EVgo currently has agreements with various automakers for their electric vehicles to use its network of chargers or provide discounted charging rates or complimentary charging, including GM, Honda, and Toyota. In 2022, EVgo launched Plug and Charge for compatible General Motors vehicles, and Autocharge+ for compatible CCS and Tesla vehicles when using a CCS adapter. These protocols automatically arrange for payment when a car is plugged in.

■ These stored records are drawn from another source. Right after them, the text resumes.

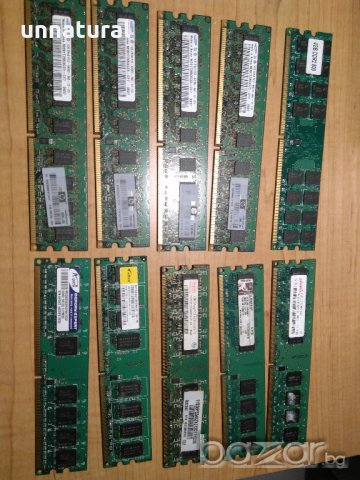DDR2 800 MHz Настолен/PC, снимка 1 - RAM памет - 21482083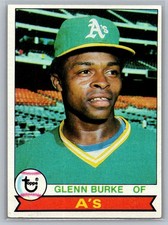 1979 Topps #163 Glenn Burke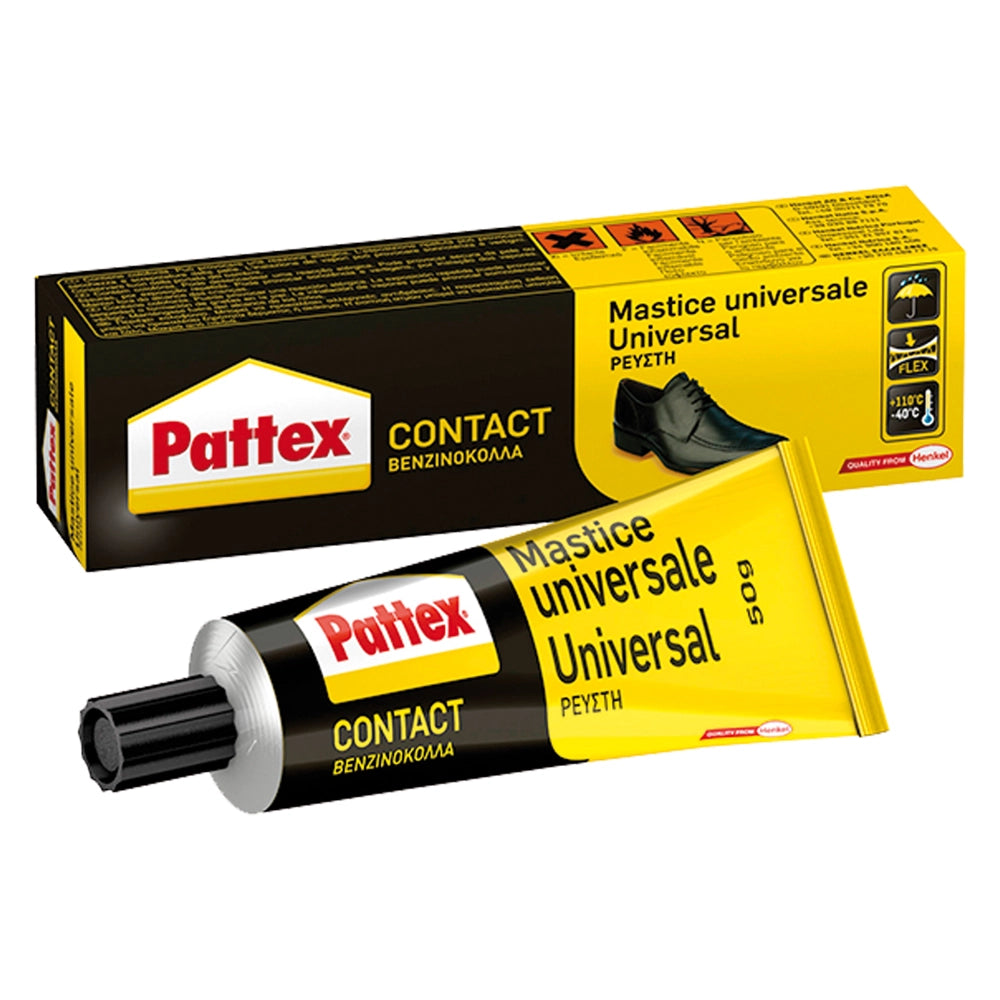 12pz pattex mastice 'universale' gr.   50 cod:ferx.900076nlm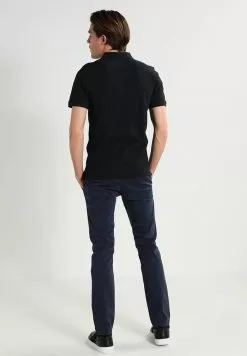 Selected Homme SLHARO EMBROIDERY - Polo - Black -Selected Homme Soldes Boutique 6bd91d359be9405faa83dd3b879c3ec6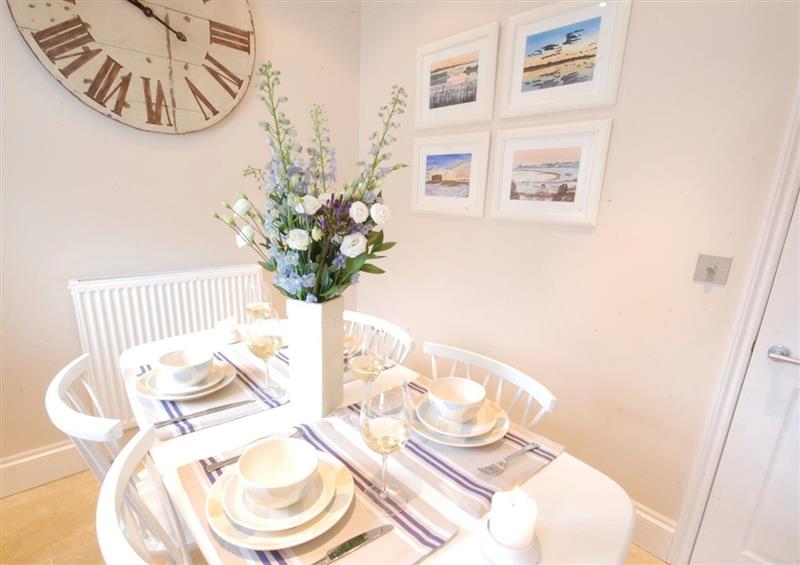 Dining room at High Tide, Crabbe Street, Aldeburgh, Aldeburgh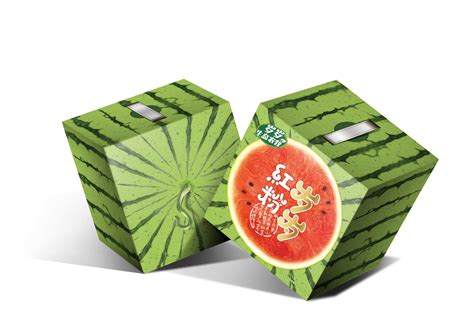 系列水果礼盒包装设计案例赏析 - 艺点创意商城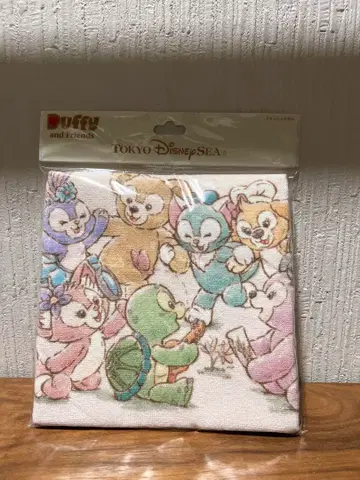 더피&프렌즈 워시 타월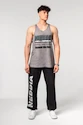 Canotta da uomo Nebbia  Washed-off Oversized Stringer MAX OUT Light Grey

EVgo stations tend to be located at convenience stores and other retail establishments which already have parking lots, allowing drivers to make purchases while their cars are charging. It is also receiving funding to build stations near apartment buildings in California, among other government accelerated-build programs. EVgo also provides chargers for a fleet of Kenworth T680E semi-tractor trailers at the Fontana, California facility of logistics company MHX. Various government agencies and car manufactures have discount programs on the EVgo network, as do ridesharing companies Uber and Lyft. EVgo also partners with Hertz, providing special charging rates to drivers renting any EV model at a Hertz location across the country.

In November 2023, EVgo also announced an expanded partnership with Meijer, a regional grocery retailer, to install and operate new fast charging stations in the Midwest. The EVgo stations will be located in Ohio and feature up to six stalls with high-power 350kW chargers, aiming to provide quick charging services for EV drivers.

In December 2024, EVgo secured $1.25bn in funding from Department of Energy (United States). The company estimated these funds could help install 7,500 new stalls—effectively tripling EVgo's presence.